Now we can clearly see that we can expect that for larger collections `Set`

will
be faster. Let us pick `i = 1000`

as an example (not very large number, but big
enough):

```
julia> i = 1000;
julia> v = [randstring(rand(1:1000)) for _ in 1:i];
julia> s = Set(v);
julia> @assert length(s) == i
julia> @belapsed f($s, $v)
8.8383e-5
julia> @belapsed f($v, $v)
0.001030348
```

As you can see now `Vector`

is much slower.

But why was `Vector`

faster than `Set`

for the original data?

# Understanding lookup process in `Set`

and in `Vector`

When you search for a value in a `Set`

Julia roughly does the following steps:

- compute
`hash`

of the value you look for; - check if
`Set`

contains some values that have the same hash (there might be more than one such value due to collisions); - if yes then check if any of them are equal to the value we have provided.

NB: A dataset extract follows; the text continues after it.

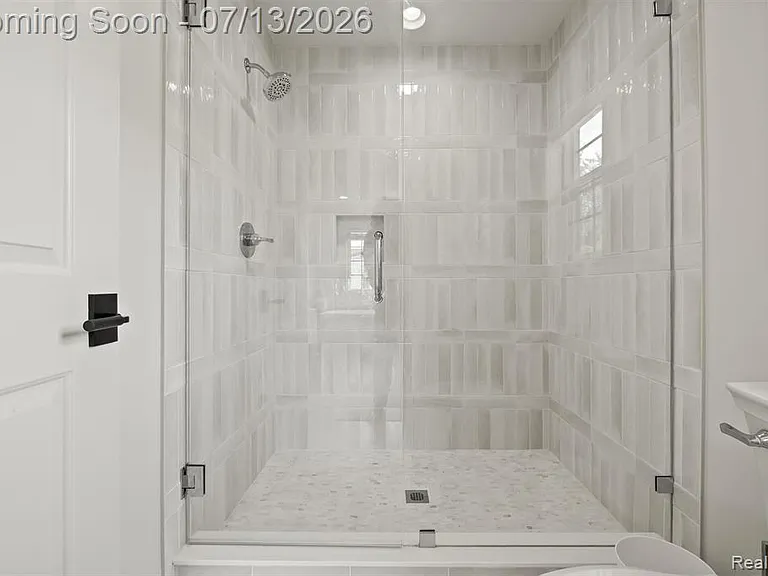 1049 Chapin Ave — Photo 24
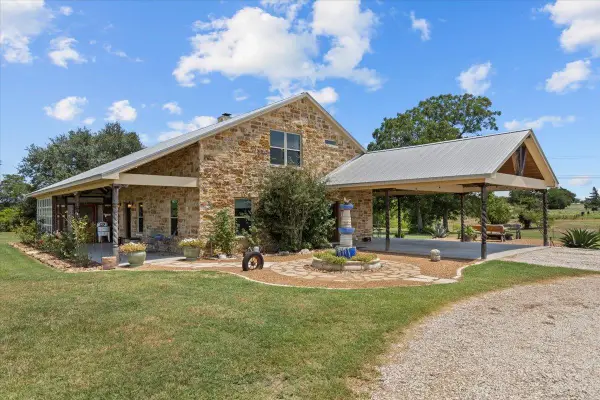 7835 Berger Rd, Schulenburg, TX 78956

When you search for a value in a `Vector`

the process is simpler: Julia checks
sequentially checks elements of a vector if they are equal to the value you
passed. So as you can see the extra cost of using `Set`

is that you need to
perform hashing.

In my example I have generated the data using the following expression:
`[randstring(rand(1:1000)) for _ in 1:i]`

. As you can see these are random
strings that in general can be quite long (up to 1000 characters). Hashing such
strings is expensive. The additional trick I did was to generate the strings so
that with high probability they have a different length. I did this to make
sure that string comparison is fast. As you can check in the implementation of
`isequal`

in Julia it falls back to `==`

in this case, which for `String`

is:

```
function ==(a::String, b::String)
pointer_from_objref(a) == pointer_from_objref(b) && return true
al = sizeof(a)
return al == sizeof(b) && 0 == _memcmp(a, b, al)
end
```

We can observe that if strings have unequal lengths they are compared very fast.

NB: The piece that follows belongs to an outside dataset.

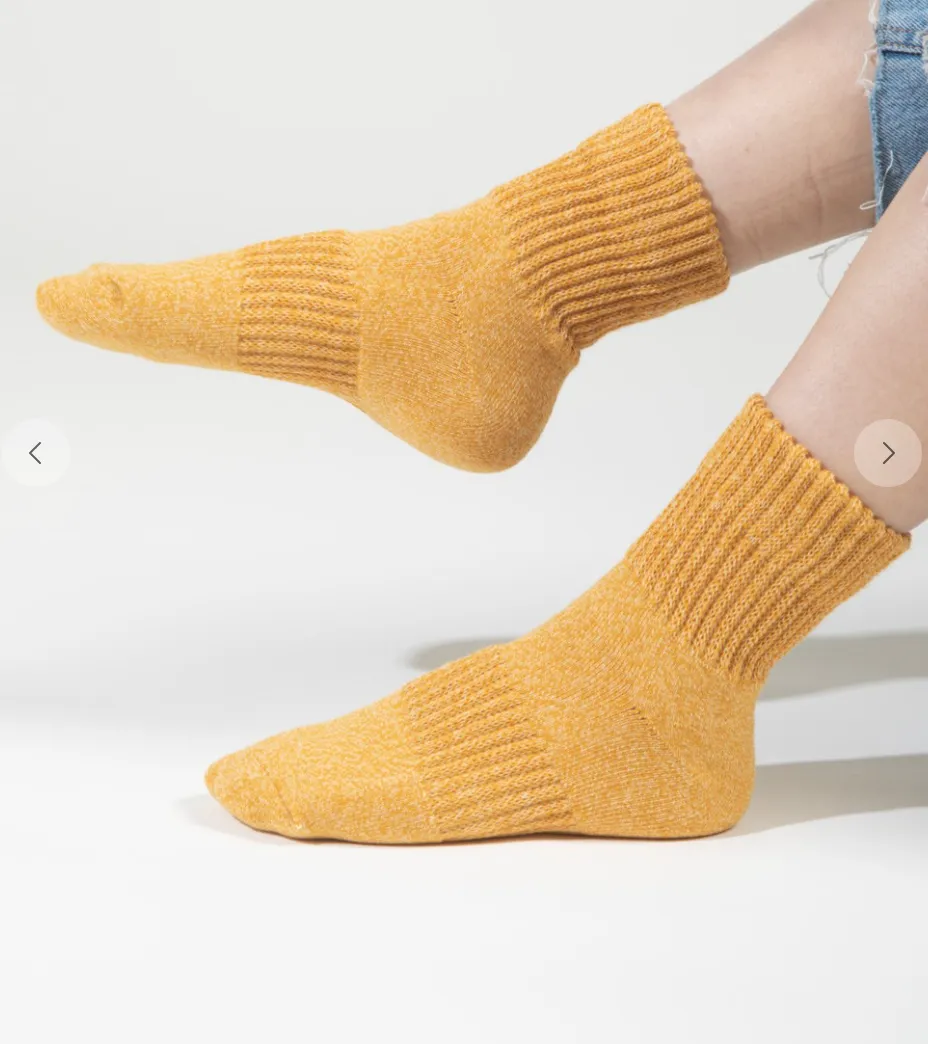 RIBBED SOLID QUARTER SPORTY SOCKS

In summary, I have baked the example so that hashing is expensive but comparison
is cheap. If I used shorter strings, e.g. of length 2, then even for `i = 10`

on the average `Set`

lookup would be faster than `Vector`

lookup:

```
julia> i = 10;
julia> v = [randstring(2) for _ in 1:i];
julia> s = Set(v);
julia> @assert length(s) == i
julia> @belapsed f($s, $v)
1.47515625e-7
julia> @belapsed f($v, $v)
1.8996439628482973e-7
```

Of course for very short collections, like e.g. length 1 `Set`

will be slower
even in this case as it still would compute hash.

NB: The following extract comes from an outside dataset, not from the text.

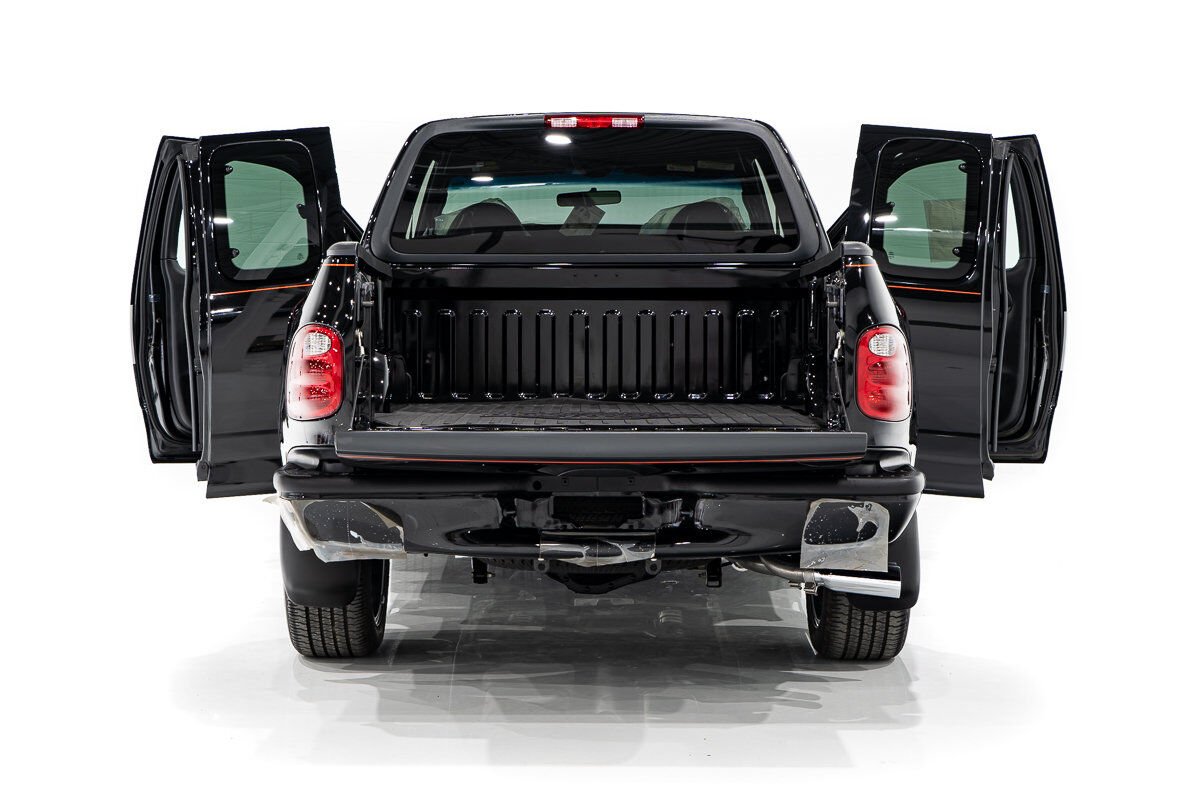 Ford F-150 Harley Davidson Edition In Delivery Packaging 2000 Noir Montréal - photo #80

# Understanding volatility of `Set`

timing

An additional issue that we have noticed last week is smoothness of `Vector`

plot and volatility of `Set`

plot. What is the reason for this? There are two
factors here in play:

- For each
`i`

I use random strings of different lengths. This means that hashing cost differs per experiment. On the other hand for`Vector`

we do not need to do hashing and, as I commented above, we can immediately decide that strings are different just by looking at their length. - For different
`i`

`Set`

has different percentage of occupied slots, which means that number of hash collisions that can happen differs.

# Conclusions

My takeaways from today’s post are:

- benchmarking is useful, but it is important to understand the data structures and algorithms that one uses;
- when doing visualization it is really important to think what measures to use so that the plots are informative;
- and finally:
`Set`

’s not dead (although sometimes indeed it is not an optimal data structure; in general I recommend you to have a look at the options available in DataStructures.jl).